[Opening SUPPLIED RECORDS section]
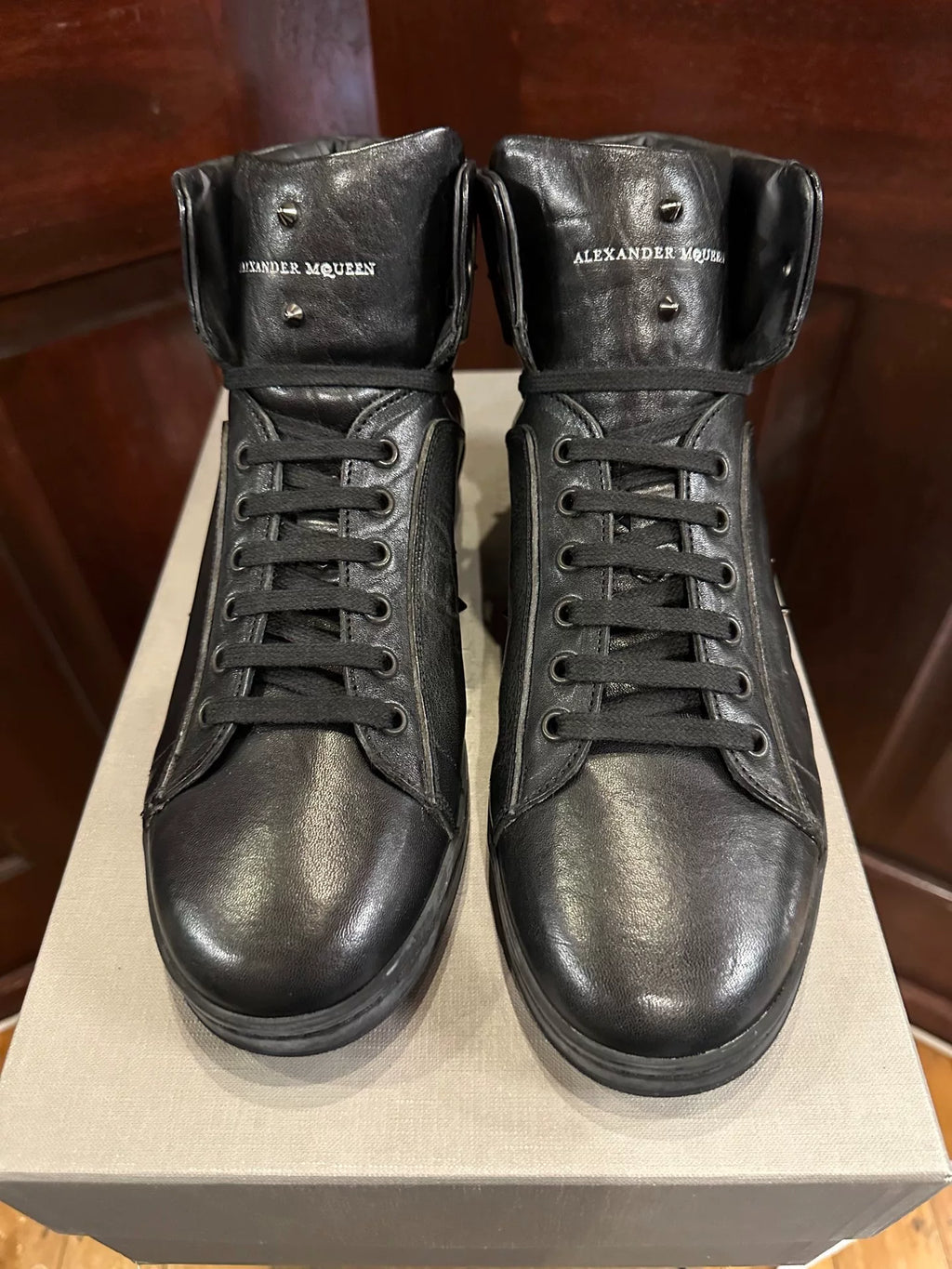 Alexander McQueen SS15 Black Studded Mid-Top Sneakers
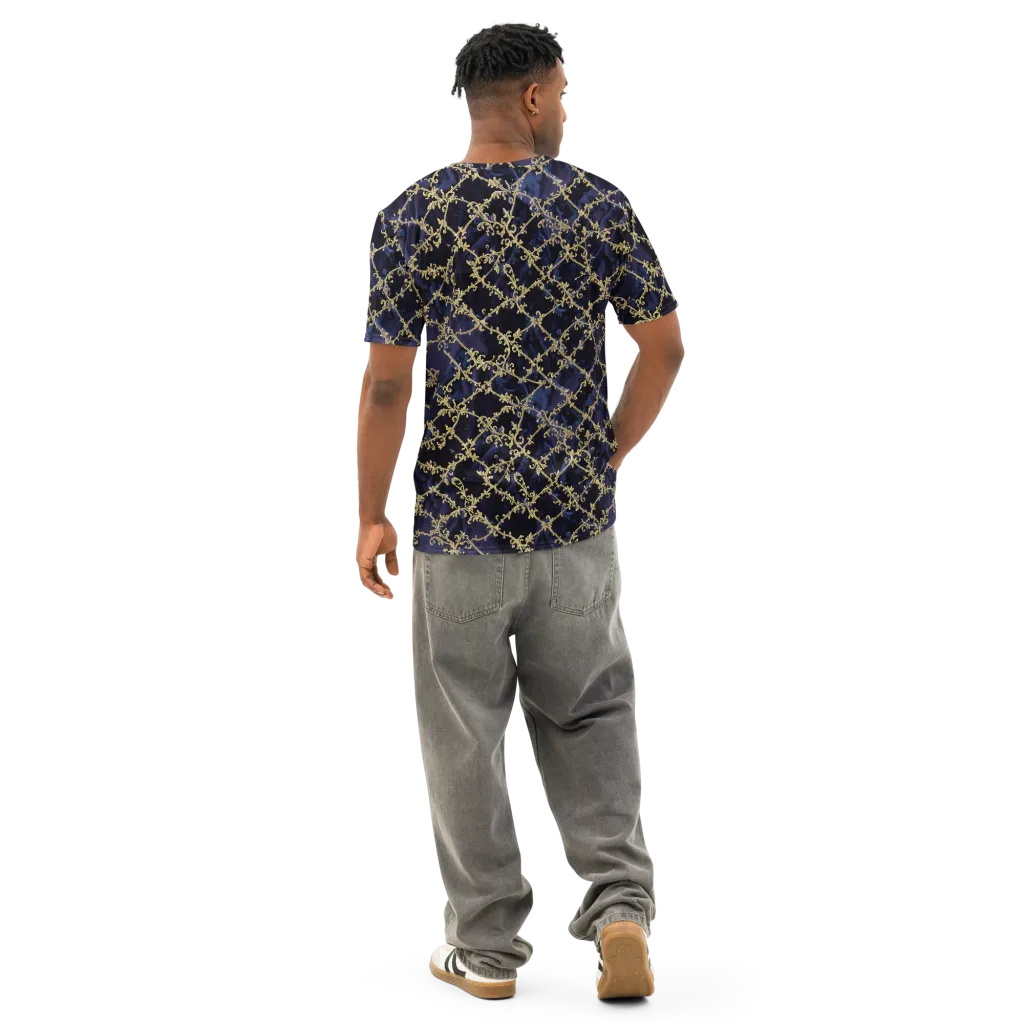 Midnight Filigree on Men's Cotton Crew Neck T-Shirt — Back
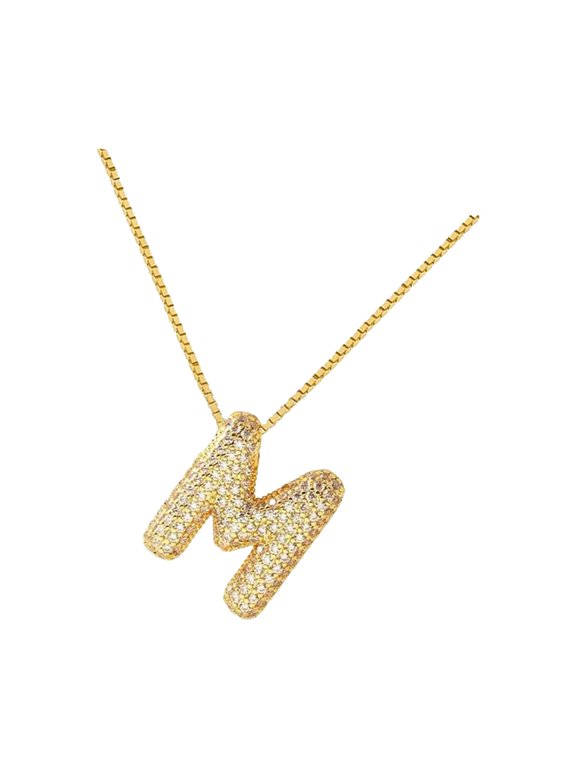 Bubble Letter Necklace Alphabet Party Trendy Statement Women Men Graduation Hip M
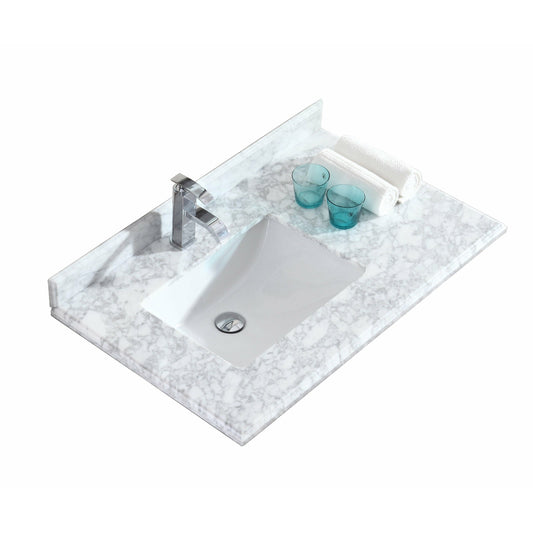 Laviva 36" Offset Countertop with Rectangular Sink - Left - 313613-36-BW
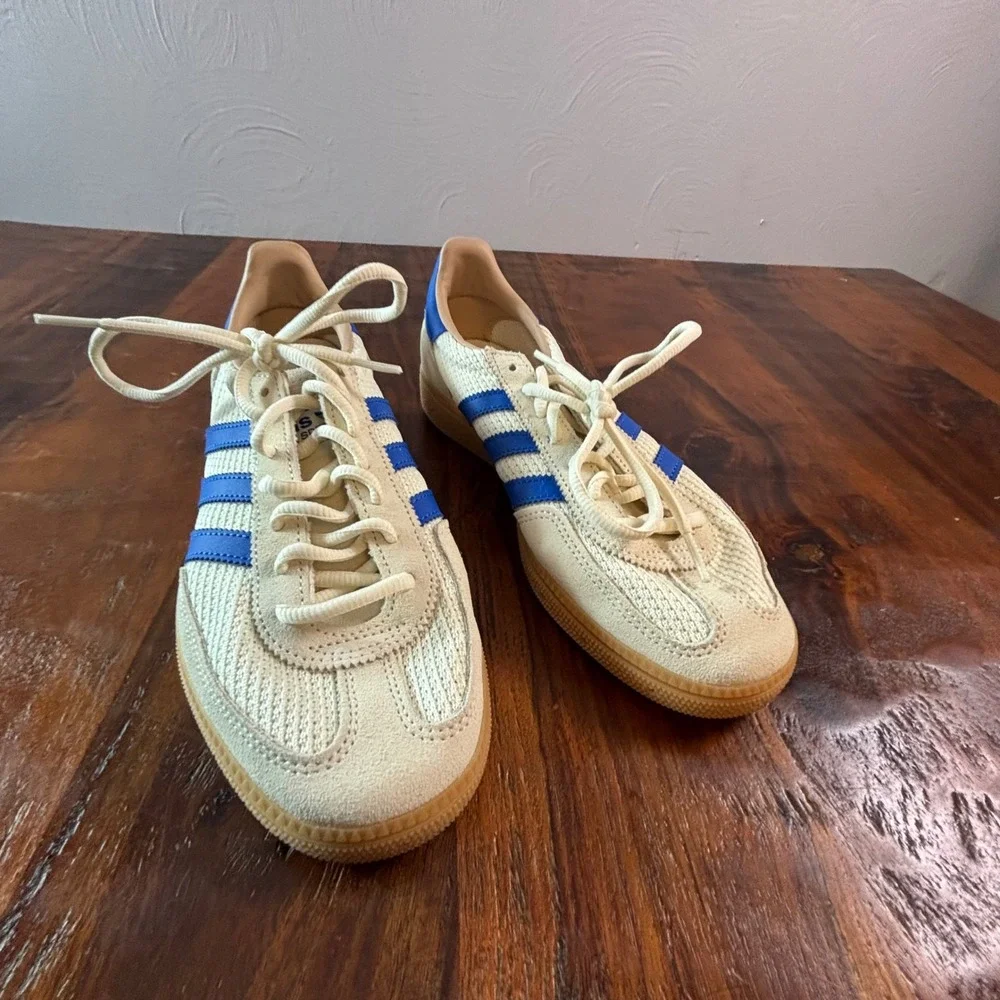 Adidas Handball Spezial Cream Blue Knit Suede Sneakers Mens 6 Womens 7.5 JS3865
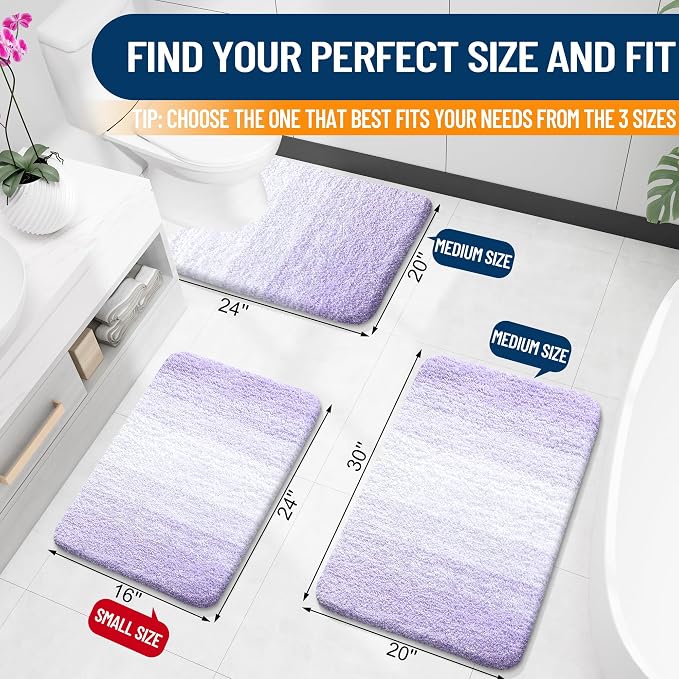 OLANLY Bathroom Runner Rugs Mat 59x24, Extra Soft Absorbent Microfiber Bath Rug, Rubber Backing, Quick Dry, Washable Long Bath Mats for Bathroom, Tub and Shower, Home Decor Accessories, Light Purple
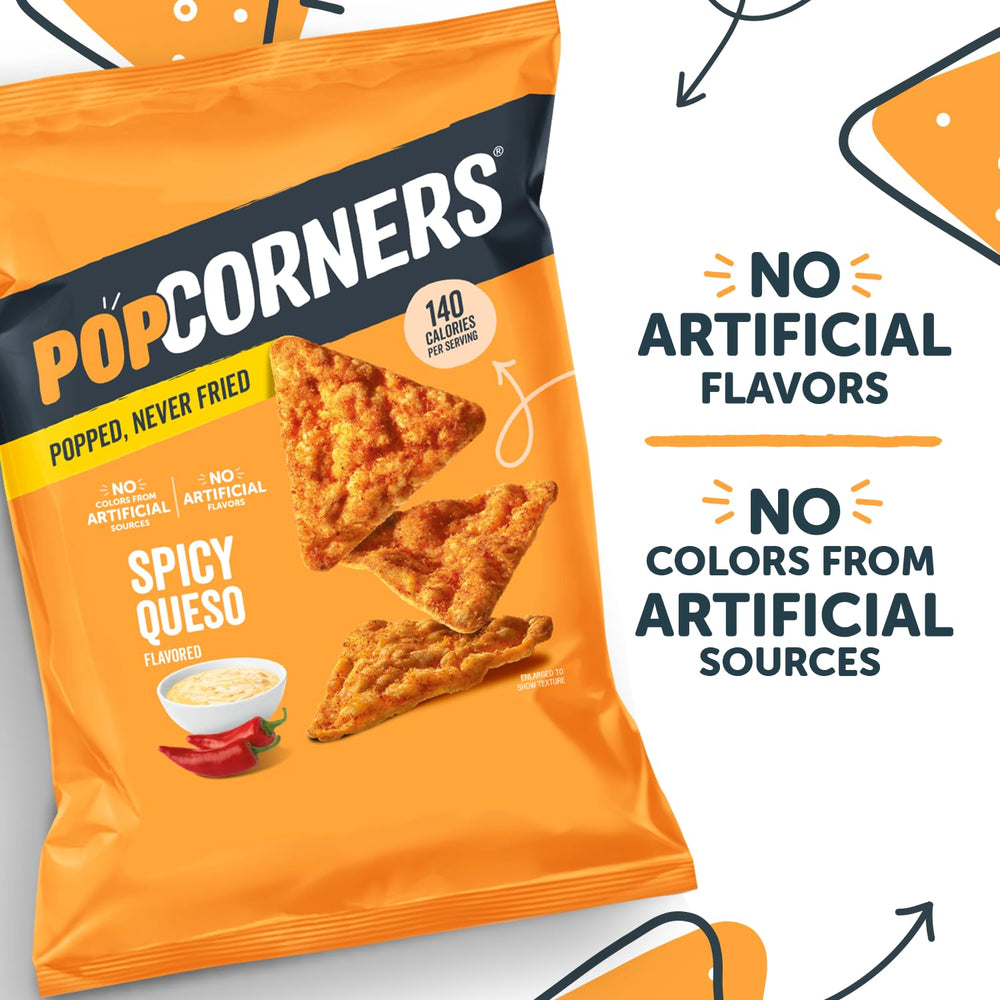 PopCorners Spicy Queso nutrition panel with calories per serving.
[Closing SUPPLIED RECORDS section]
**TASK REQUIREMENTS**
Output, exactly and without pictures, the span of lines that starts at the line containing "Left - 313613-36-BW" and ends at the last line above.

**RESPONSE**
 Laviva 36" Offset Countertop with Rectangular Sink - Left - 313613-36-BW
 Adidas Handball Spezial Cream Blue Knit Suede Sneakers Mens 6 Womens 7.5 JS3865
 OLANLY Bathroom Runner Rugs Mat 59x24, Extra Soft Absorbent Microfiber Bath Rug, Rubber Backing, Quick Dry, Washable Long Bath Mats for Bathroom, Tub and Shower, Home Decor Accessories, Light Purple
 PopCorners Spicy Queso nutrition panel with calories per serving.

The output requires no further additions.